#### AVAILABLE RECORDS:
************

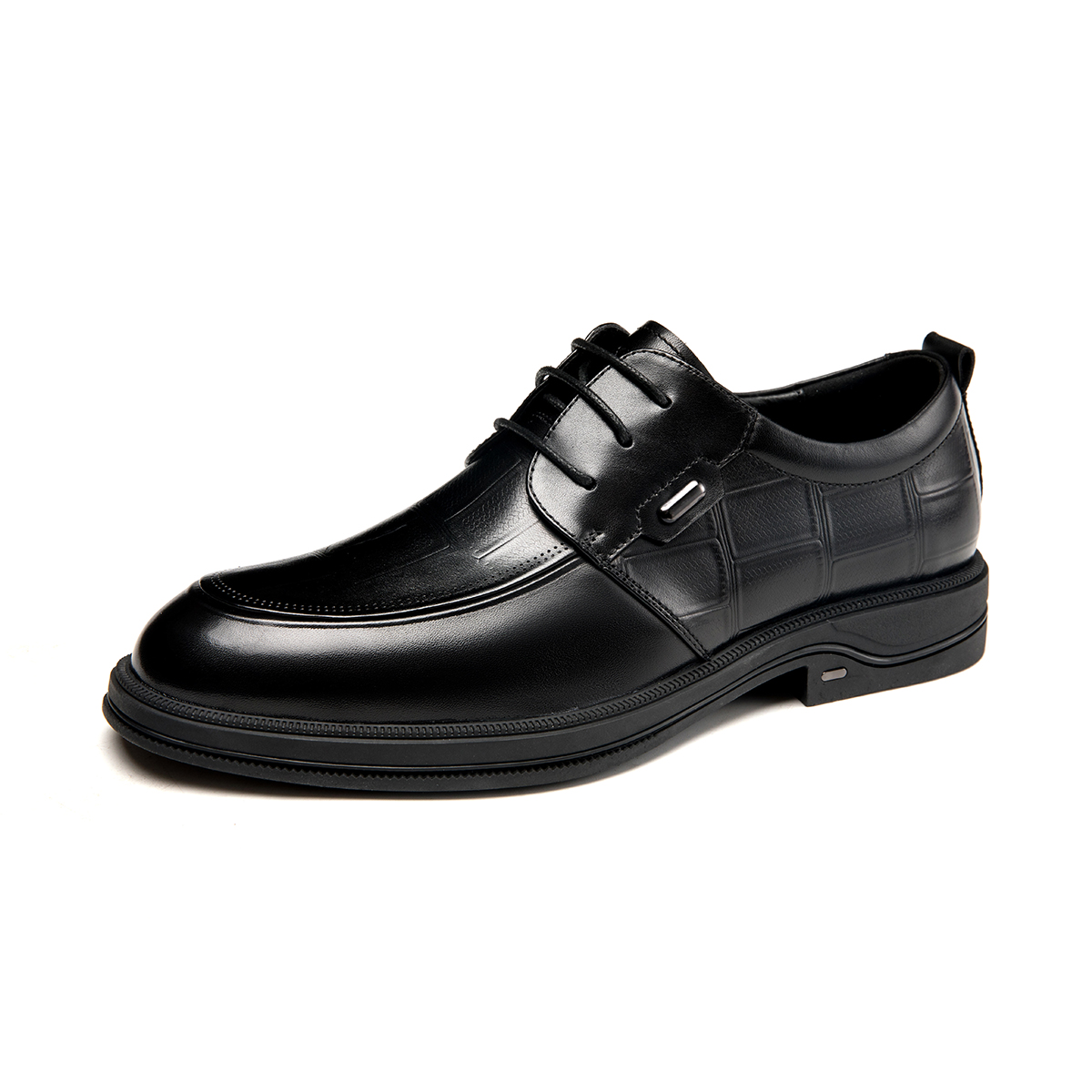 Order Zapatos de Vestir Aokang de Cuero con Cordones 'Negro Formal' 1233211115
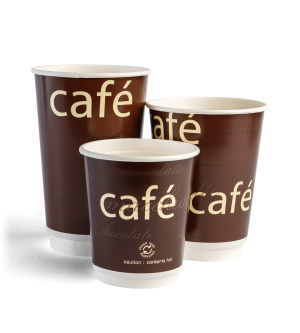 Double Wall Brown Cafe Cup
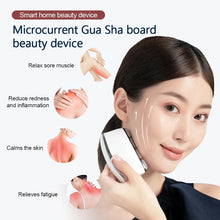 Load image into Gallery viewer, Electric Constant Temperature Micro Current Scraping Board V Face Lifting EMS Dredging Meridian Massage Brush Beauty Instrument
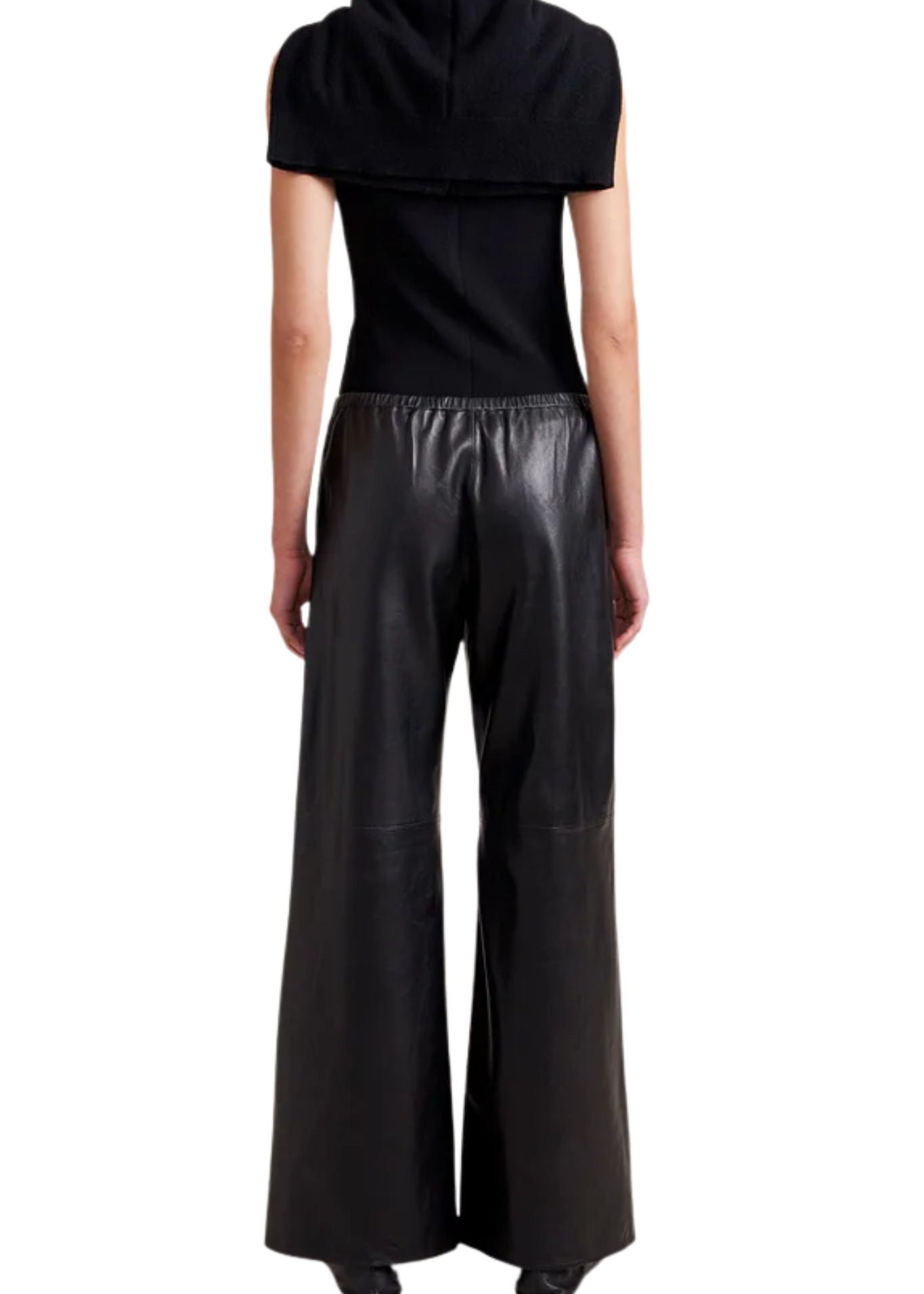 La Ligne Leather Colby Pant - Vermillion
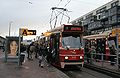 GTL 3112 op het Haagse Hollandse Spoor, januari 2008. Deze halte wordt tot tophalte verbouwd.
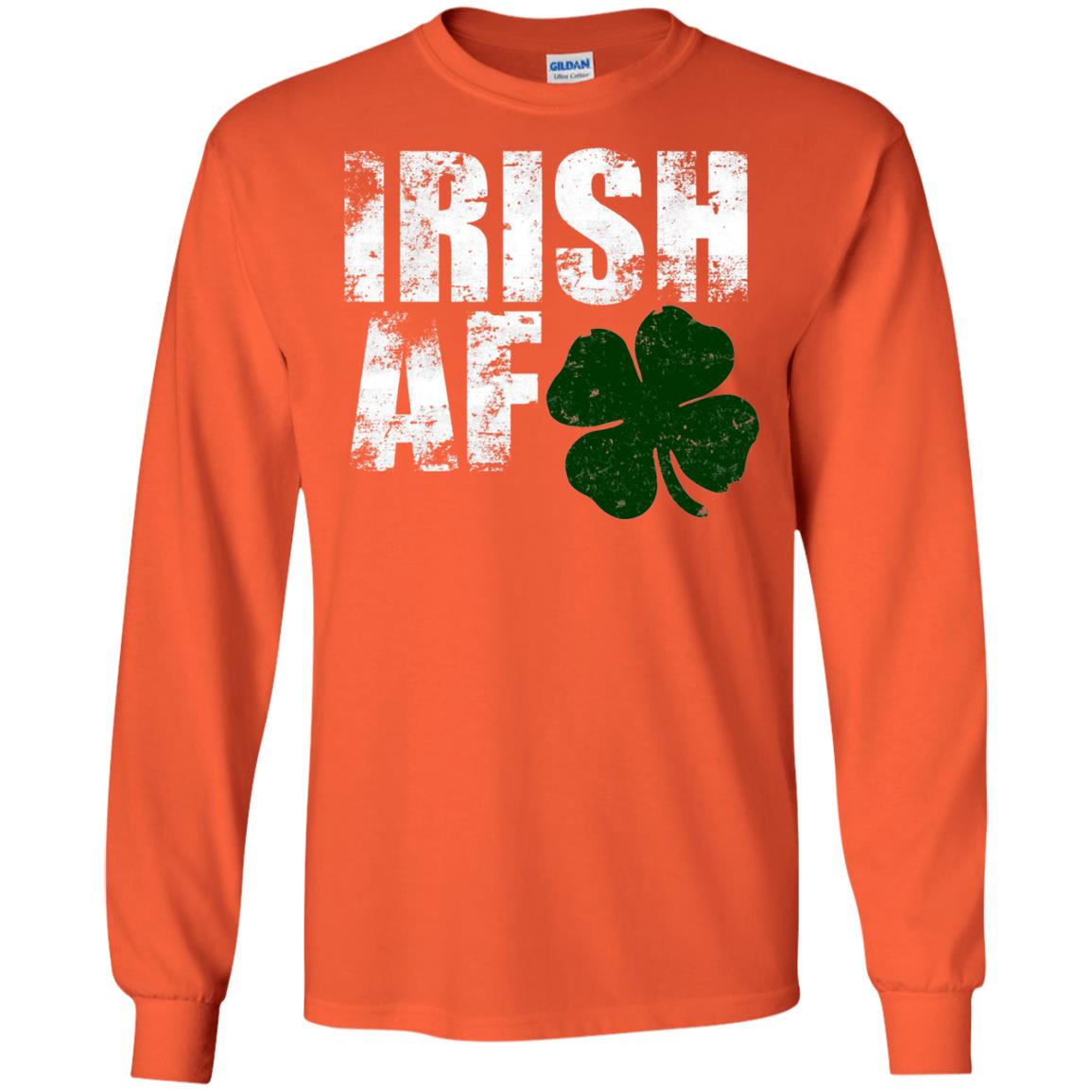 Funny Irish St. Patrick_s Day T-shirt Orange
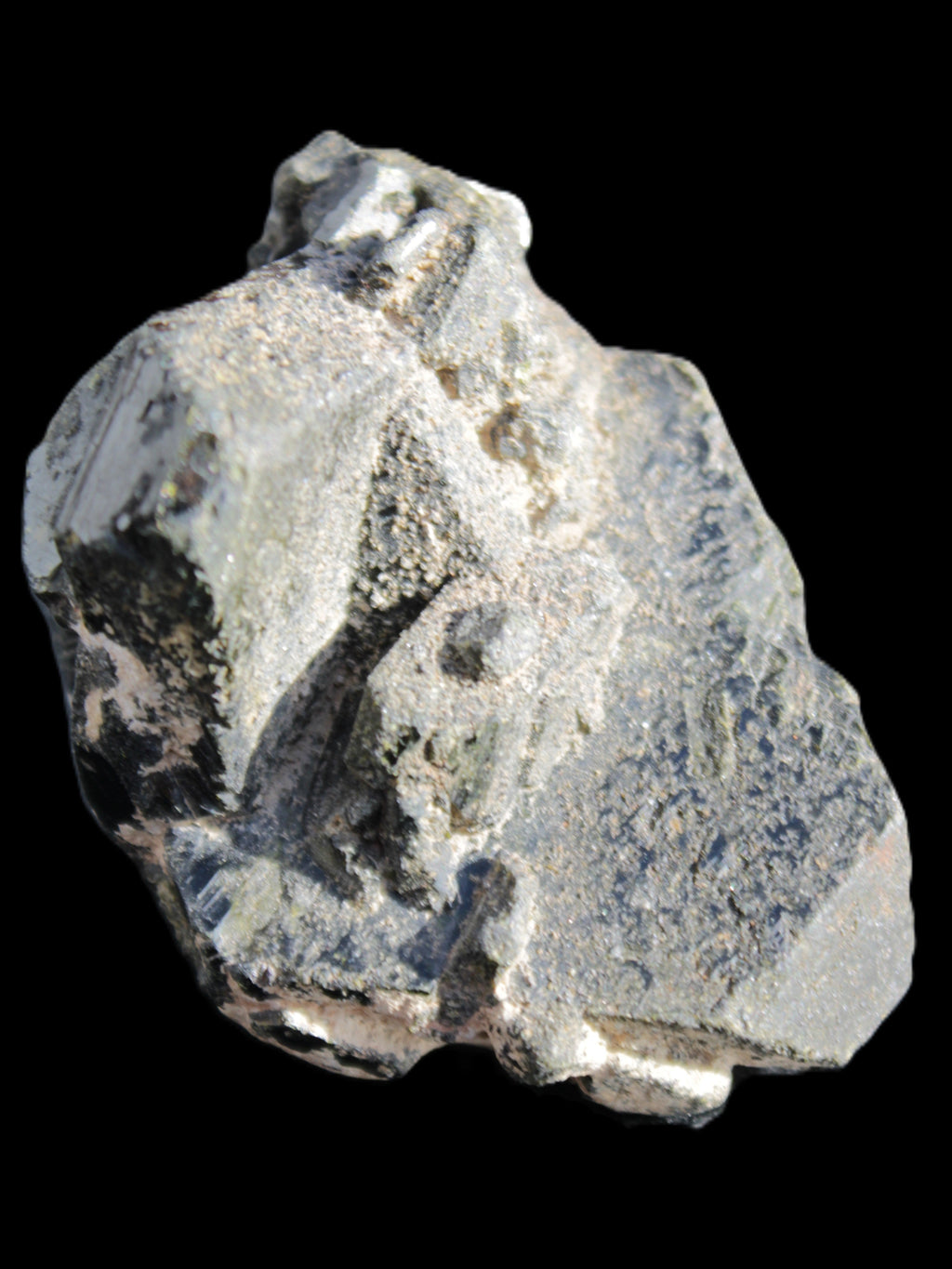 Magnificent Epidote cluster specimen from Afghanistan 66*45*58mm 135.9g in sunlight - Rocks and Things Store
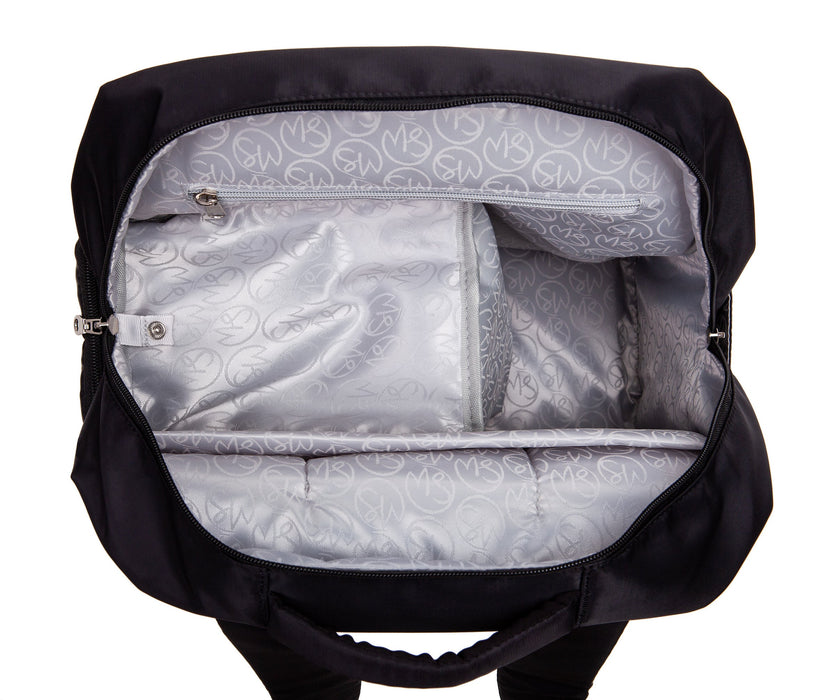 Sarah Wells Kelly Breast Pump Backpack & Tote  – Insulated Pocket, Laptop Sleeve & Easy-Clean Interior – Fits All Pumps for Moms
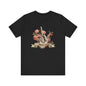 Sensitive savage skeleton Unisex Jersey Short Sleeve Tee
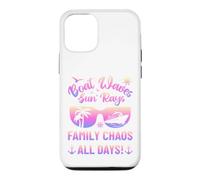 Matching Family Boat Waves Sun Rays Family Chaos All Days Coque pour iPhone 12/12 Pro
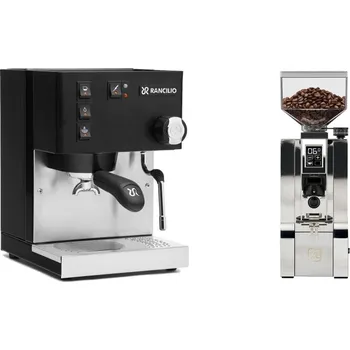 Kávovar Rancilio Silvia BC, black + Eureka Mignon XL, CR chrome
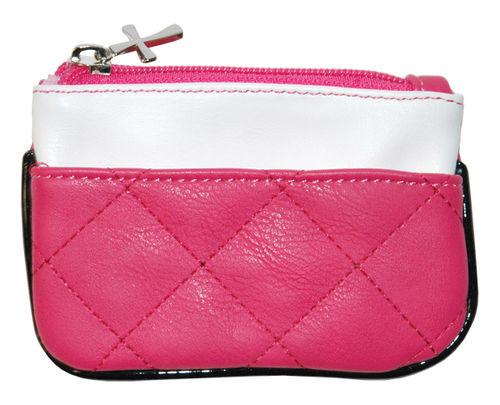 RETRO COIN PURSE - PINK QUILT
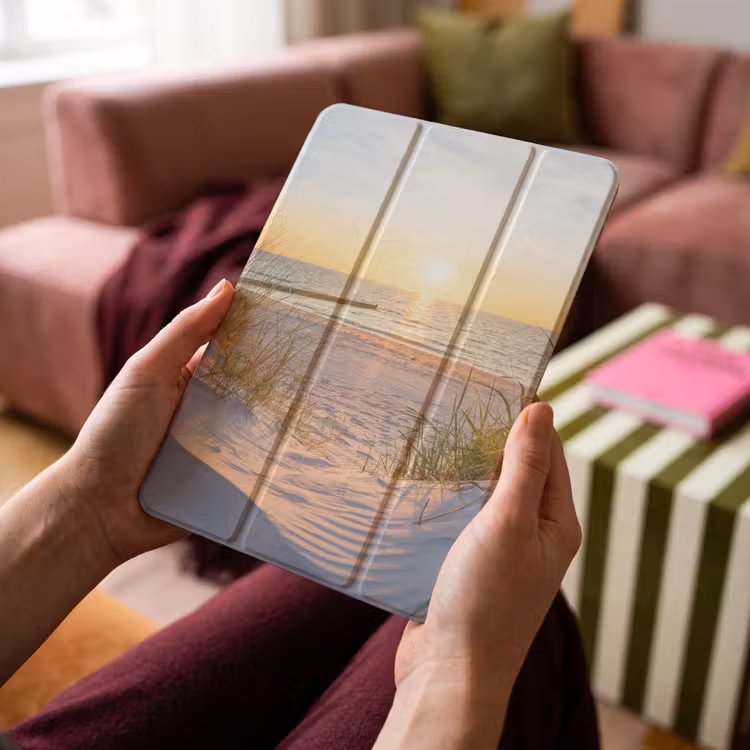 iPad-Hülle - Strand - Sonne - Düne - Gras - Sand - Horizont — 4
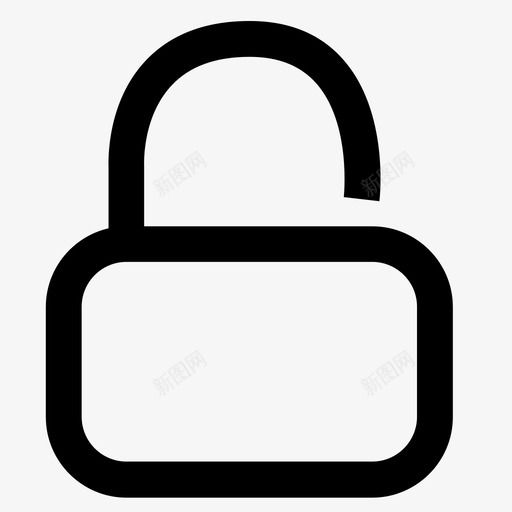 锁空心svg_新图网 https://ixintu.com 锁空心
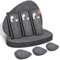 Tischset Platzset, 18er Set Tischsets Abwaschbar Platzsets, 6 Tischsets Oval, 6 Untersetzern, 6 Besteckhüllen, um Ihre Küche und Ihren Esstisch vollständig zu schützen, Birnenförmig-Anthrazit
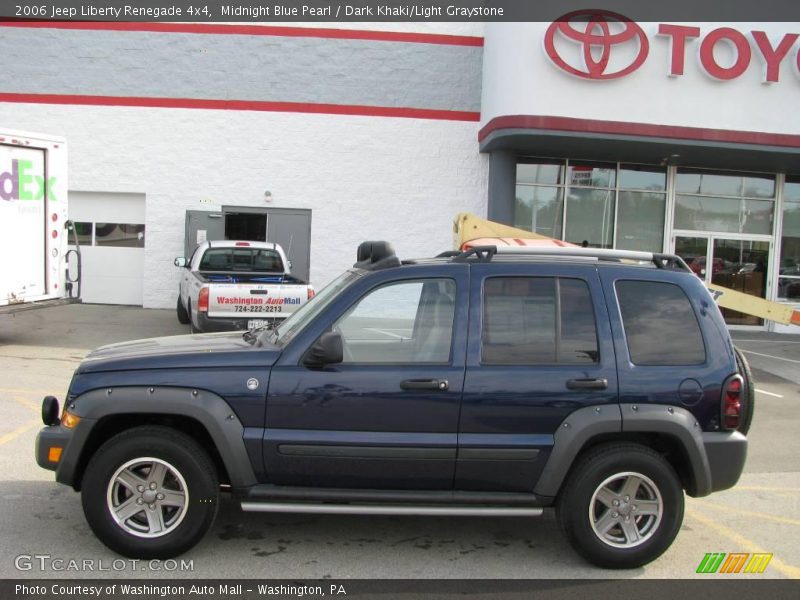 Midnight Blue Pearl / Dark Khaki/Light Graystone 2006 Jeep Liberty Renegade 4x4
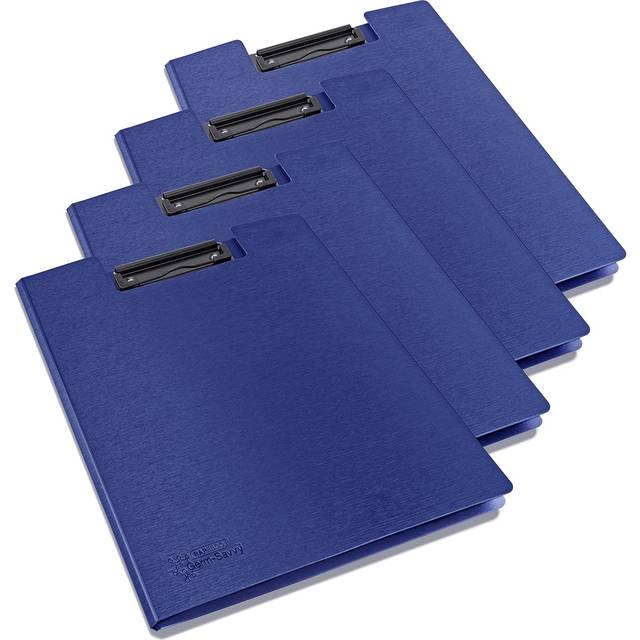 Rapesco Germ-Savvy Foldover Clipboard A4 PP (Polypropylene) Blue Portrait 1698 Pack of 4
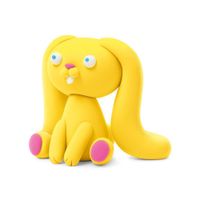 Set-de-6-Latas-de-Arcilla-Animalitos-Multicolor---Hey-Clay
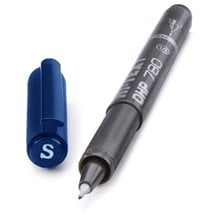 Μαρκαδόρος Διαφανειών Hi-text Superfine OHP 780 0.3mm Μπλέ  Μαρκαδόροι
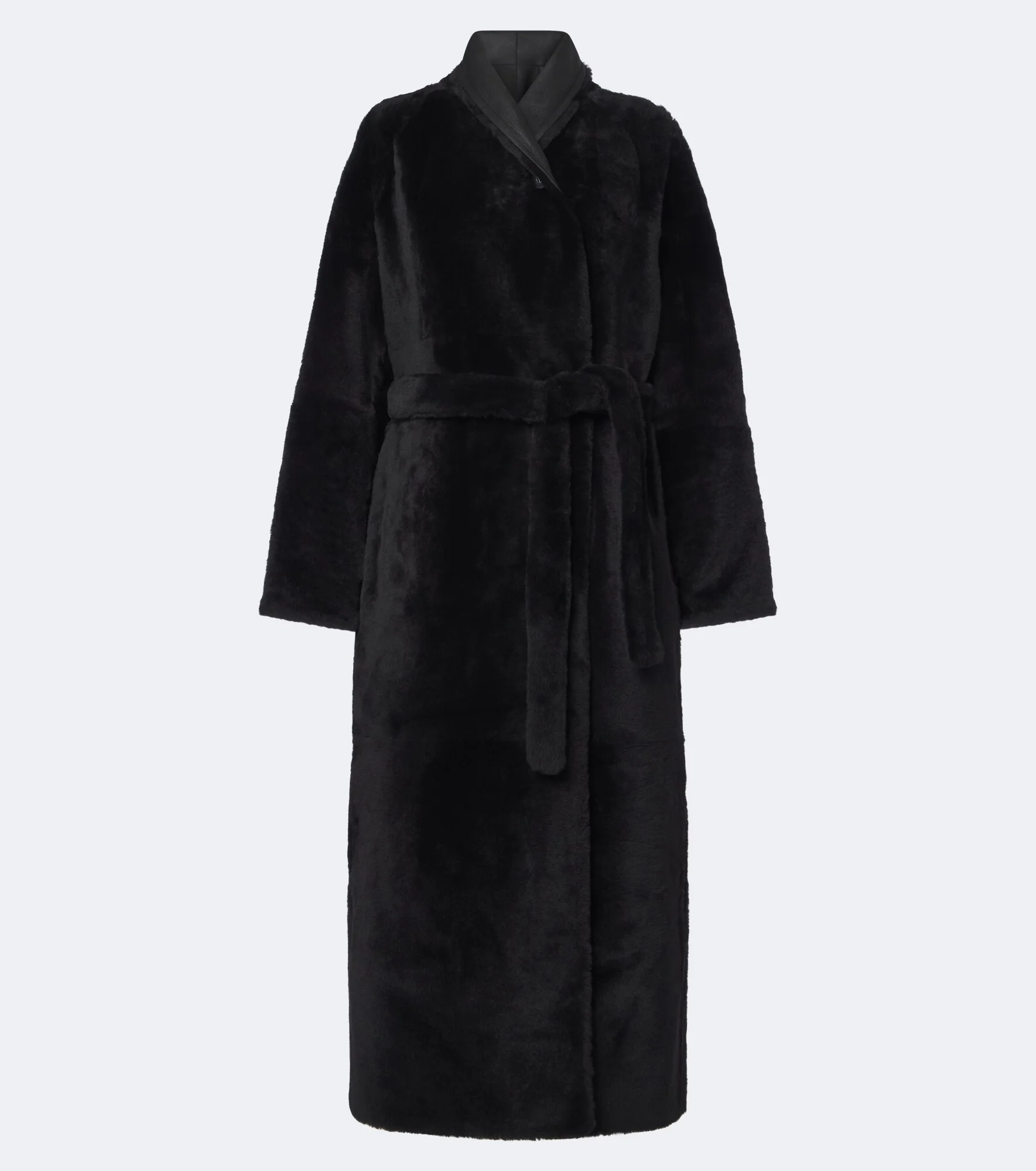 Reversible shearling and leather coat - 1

************

#### EXERCISE INSTRUCTIONS:
Return only the lines running from the start of the entries above to the line that contains "Tischset Platzset, 18er", inclusive, and omit every picture.

#### FINISHED EXERCISE:
 Order Zapatos de Vestir Aokang de Cuero con Cordones 'Negro Formal' 1233211115
 Double Wall Brown Cafe Cup
 Load image into Gallery viewer, Electric Constant Temperature Micro Current Scraping Board V Face Lifting EMS Dredging Meridian Massage Brush Beauty Instrument
 La Ligne Leather Colby Pant - Vermillion
 GTL 3112 op het Haagse Hollandse Spoor, januari 2008. Deze halte wordt tot tophalte verbouwd.
 Funny Irish St. Patrick_s Day T-shirt Orange
 Magnificent Epidote cluster specimen from Afghanistan 66*45*58mm 135.9g in sunlight - Rocks and Things Store
 Sarah Wells Kelly Breast Pump Backpack & Tote  – Insulated Pocket, Laptop Sleeve & Easy-Clean Interior – Fits All Pumps for Moms
 Sensitive savage skeleton Unisex Jersey Short Sleeve Tee
 Matching Family Boat Waves Sun Rays Family Chaos All Days Coque pour iPhone 12/12 Pro
 Kávovar Rancilio Silvia BC, black + Eureka Mignon XL, CR chrome
 RETRO COIN PURSE - PINK QUILT
 iPad-Hülle - Strand - Sonne - Düne - Gras - Sand - Horizont — 4
 锁空心svg_新图网 https://ixintu.com 锁空心
 Tischset Platzset, 18er Set Tischsets Abwaschbar Platzsets, 6 Tischsets Oval, 6 Untersetzern, 6 Besteckhüllen, um Ihre Küche und Ihren Esstisch vollständig zu schützen, Birnenförmig-Anthrazit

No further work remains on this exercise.